---- Data below
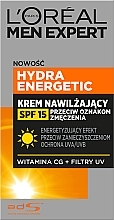 Nawilżający krem ​​do twarzy przeciw zmęczeniu - L'Oreal Paris Men Expert Hydra Energetic Anti-Fatigue SPF15 Moisturiser — Zdjęcie N5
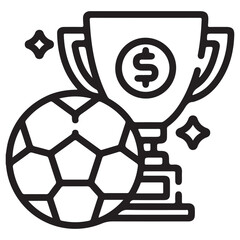 Obraz premium Championship Trophy Icon - Gold Cup with Laurel Wreath - White BG EPS 10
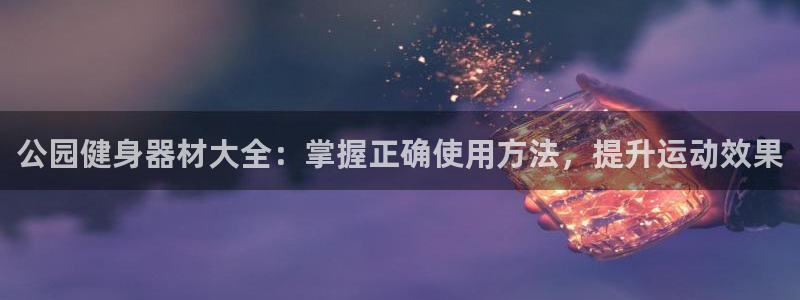 星欧娱乐扣款流程详解图片：公园健身器材大全：掌握正确
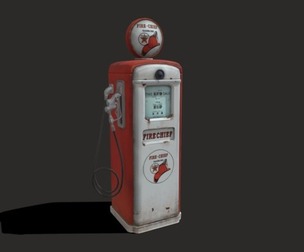 Vintage Gas Pump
--------
Assignment> Everything in the material must be duplicated exactly, except the pictures.

Expected output>
 Nawilżający krem ​​do twarzy przeciw zmęczeniu - L'Oreal Paris Men Expert Hydra Energetic Anti-Fatigue SPF15 Moisturiser — Zdjęcie N5
 Obraz premium Championship Trophy Icon - Gold Cup with Laurel Wreath - White BG EPS 10
 星欧娱乐扣款流程详解图片：公园健身器材大全：掌握正确
 Vintage Gas Pump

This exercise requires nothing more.